• _Exercise objective_: The entries that follow must be written out exactly, without any of the pictures they contain.

• _Short text fragments from websites_:
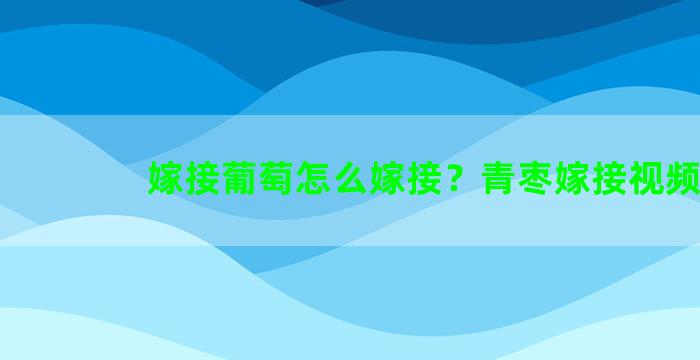 嫁接葡萄怎么嫁接？青枣嫁接视频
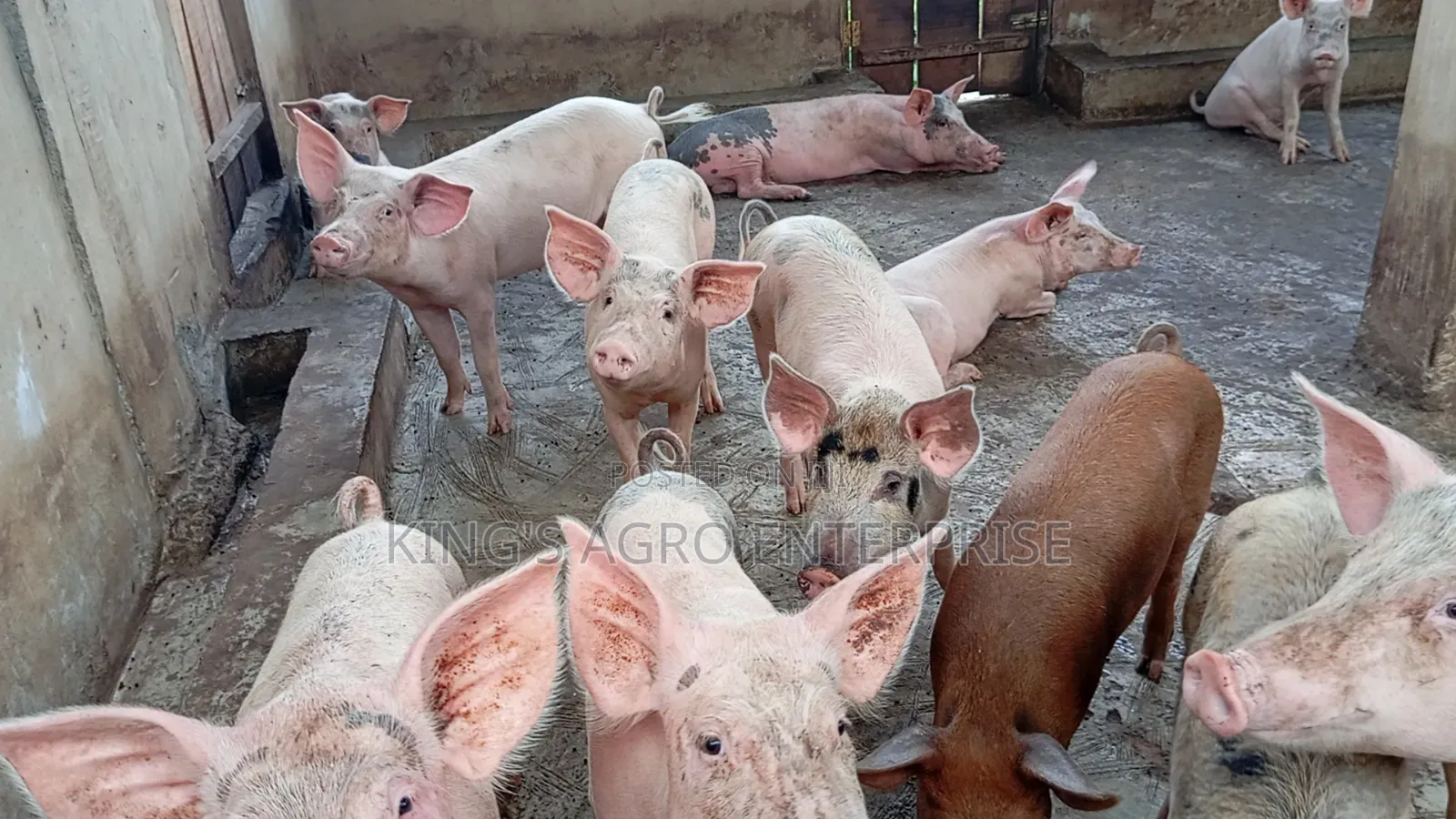 Tn-70, Duroc...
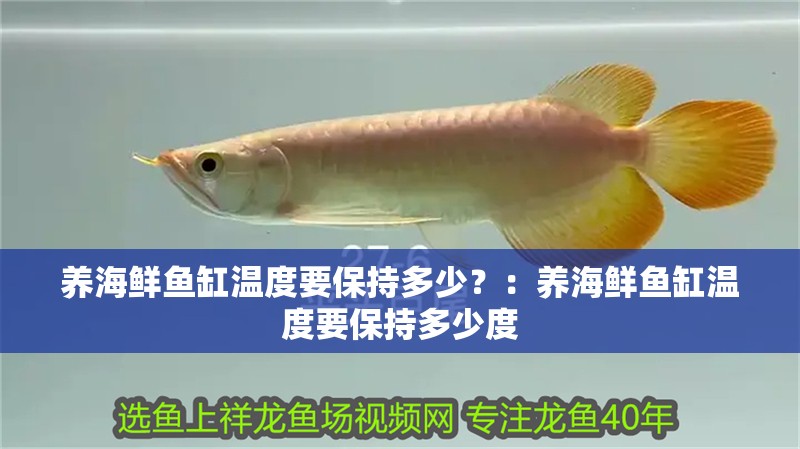 養(yǎng)海鮮魚(yú)缸溫度要保持多少？：養(yǎng)海鮮魚(yú)缸溫度要保持多少度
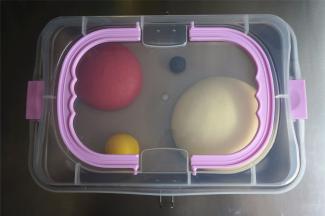 盖上盖子或保鲜膜，放到温暖处进行第一次发酵，发酵至两倍大左右。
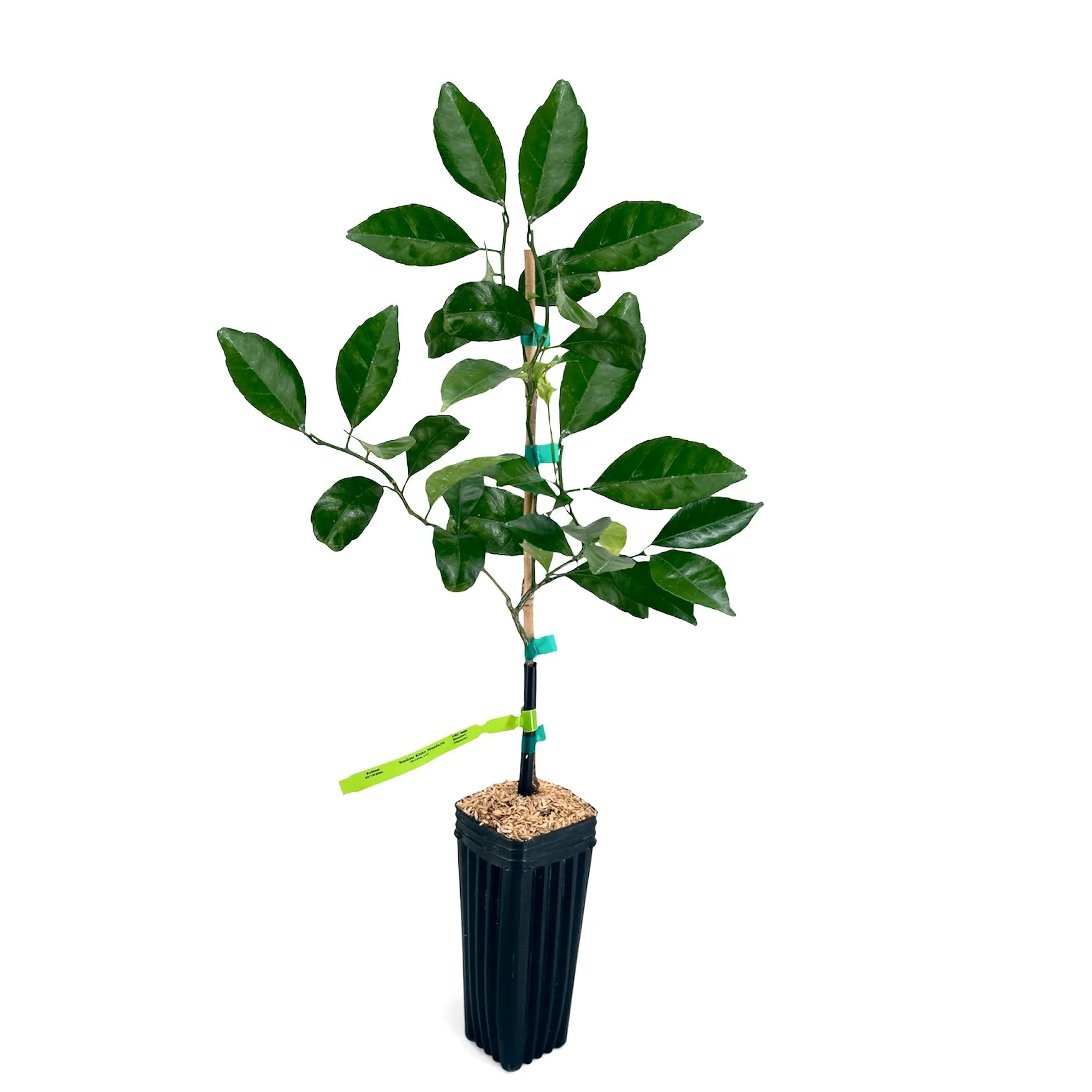 A young, leafy tree sapling in a tall black plastic pot against a plain white background.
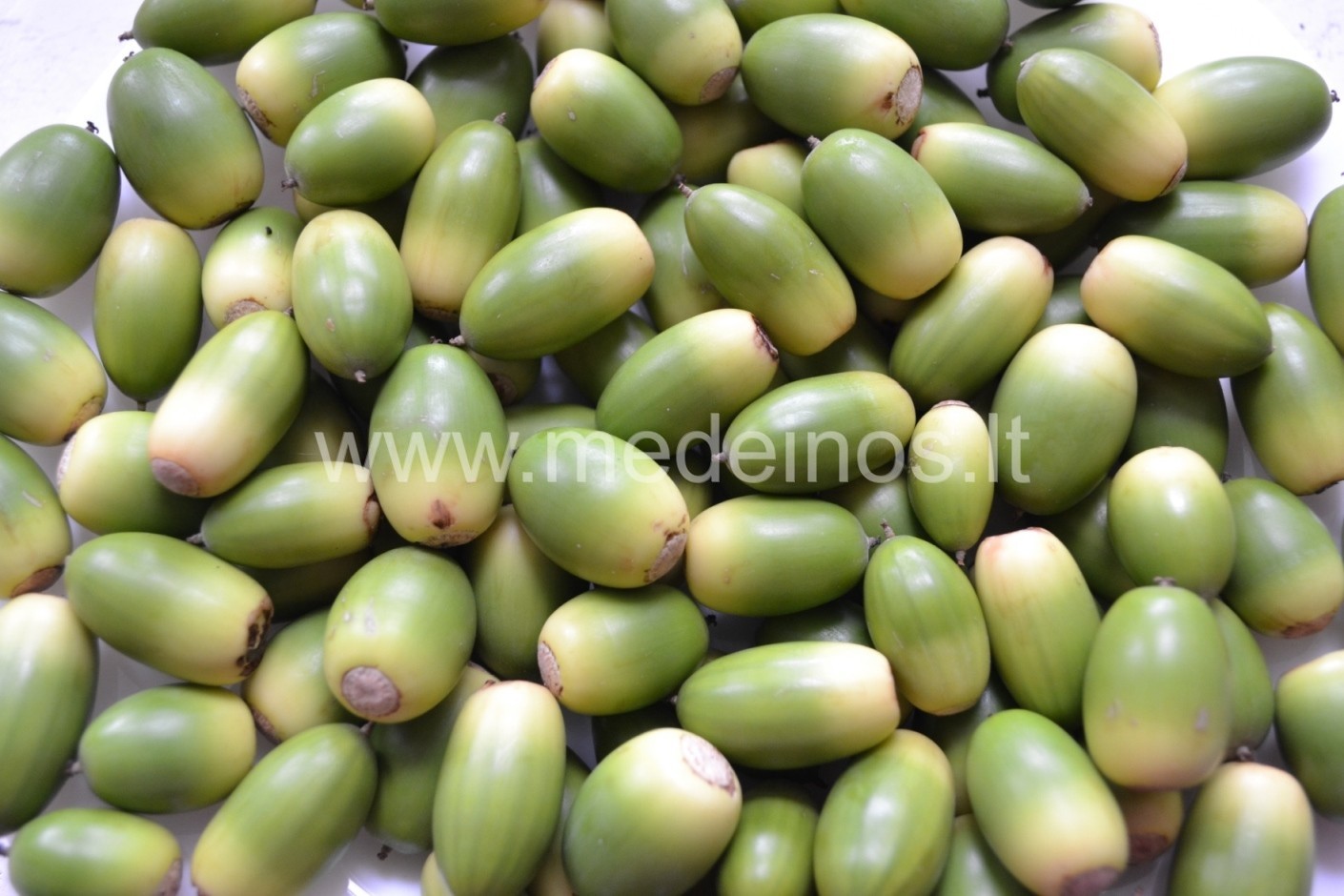 UŽSIAUGINKIME MEDŽIUS IR KRŪMUS IŠ SĖKLŲ !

• _Exercise result_:
 嫁接葡萄怎么嫁接？青枣嫁接视频
 Tn-70, Duroc...
 養(yǎng)海鮮魚(yú)缸溫度要保持多少？：養(yǎng)海鮮魚(yú)缸溫度要保持多少度
 盖上盖子或保鲜膜，放到温暖处进行第一次发酵，发酵至两倍大左右。
 A young, leafy tree sapling in a tall black plastic pot against a plain white background.
 UŽSIAUGINKIME MEDŽIUS IR KRŪMUS IŠ SĖKLŲ !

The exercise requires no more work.